By Roland Sebestyén
Vape products are growing increasingly popular, with a growing number of teens now choosing them as the first option for cannabis consumption, according to a recent study.
The study, published in JAMA Pediatrics, revealed that the number of teens vaping cannabis doubled between 2013 and 2020, based on the analysis of 17 US and Canadian studies with thousands of participants.
The analysis revealed that, across all school grades, the pooled prevalence of cannabis vape use increased for lifetime use (6.1% in 2013-2016 to 13.6% in 2019-2020), use in the past 12 months (7.2% in 2017-2018 to 13.2% in 2019-2020), and use in the past 30 days (1.6% in 2013-2016 to 8.4% in 2019-2020).
The researchers also claimed that teens are shifting away from dried flower products, in favour of cannabis oils – one possible explanation being that cannabis oils often contain higher levels of THC, the plant’s main psychoactive compound.
The trend, the authors said, is dangerous.

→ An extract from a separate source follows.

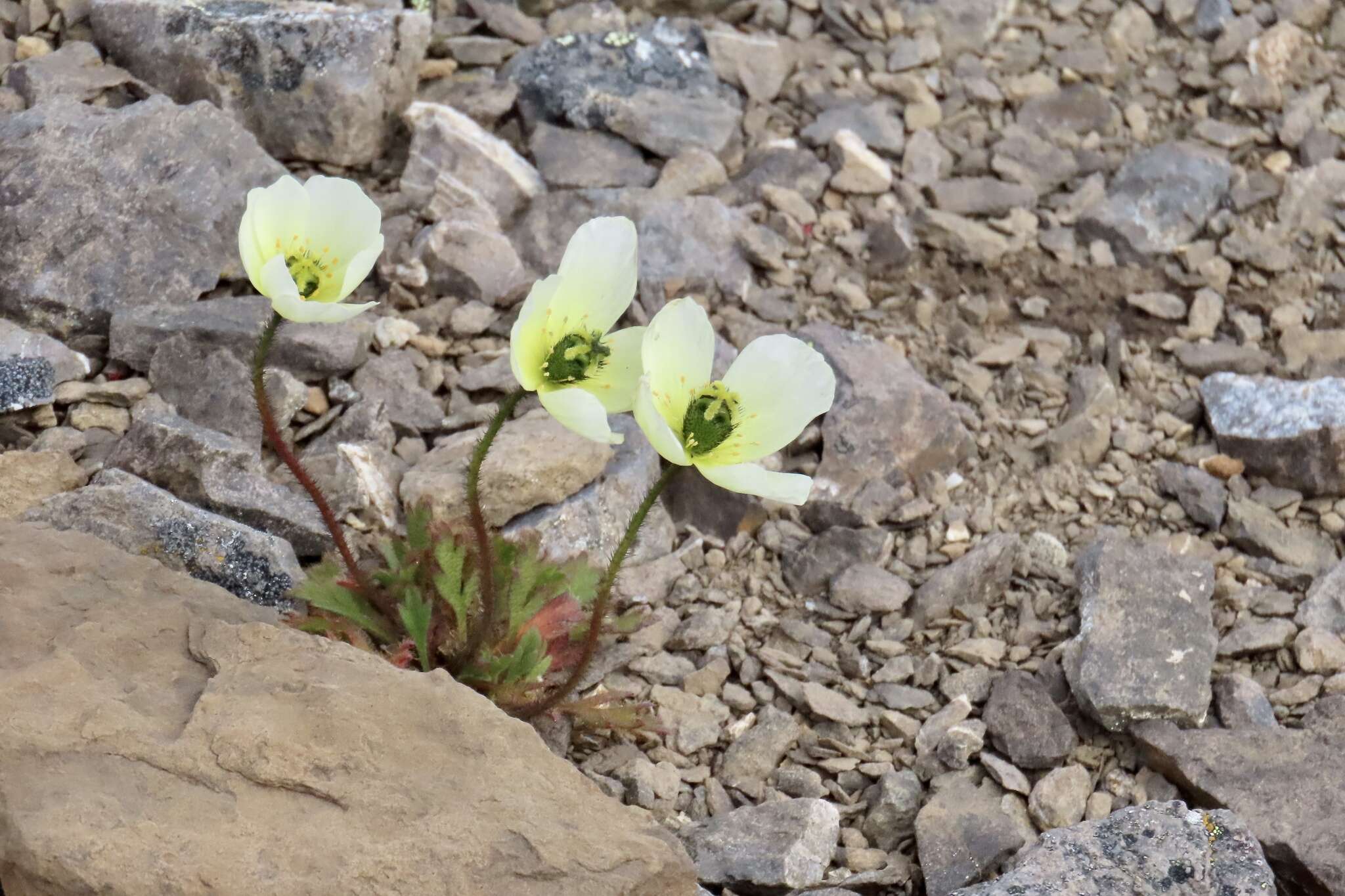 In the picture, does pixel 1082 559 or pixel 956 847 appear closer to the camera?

They claim that vaping has health risks of its own which may be exacerbated in combination with cannabis consumption.
Study author Carmen Lim, a doctoral candidate in health and behavioural sciences at the University of Queensland in Australia, told NPR: “Regular use of high THC products could increase the risk of dependence, other substance use and many other health, social and behavioural problems later in life.”
She added the growing popularity of electronic “pot vaping devices is alarming.”
Ms Lim reiterated that, as cannabis is still not legal on the federal level, some products are still not regulated – this can mean the consumption of poor quality and even harmful products. This is one of the key arguments for the need of a federal, regulated, safe recreational cannabis market in the US.
Finally, the authors state: “Because cannabis vaping is a relatively new phenomenon, little is known about its potential long-term harms to adolescents.
“However, the regular use of cannabis is associated with a broad range of adverse health outcomes that may be more pronounced in those who initiate use in adolescence.”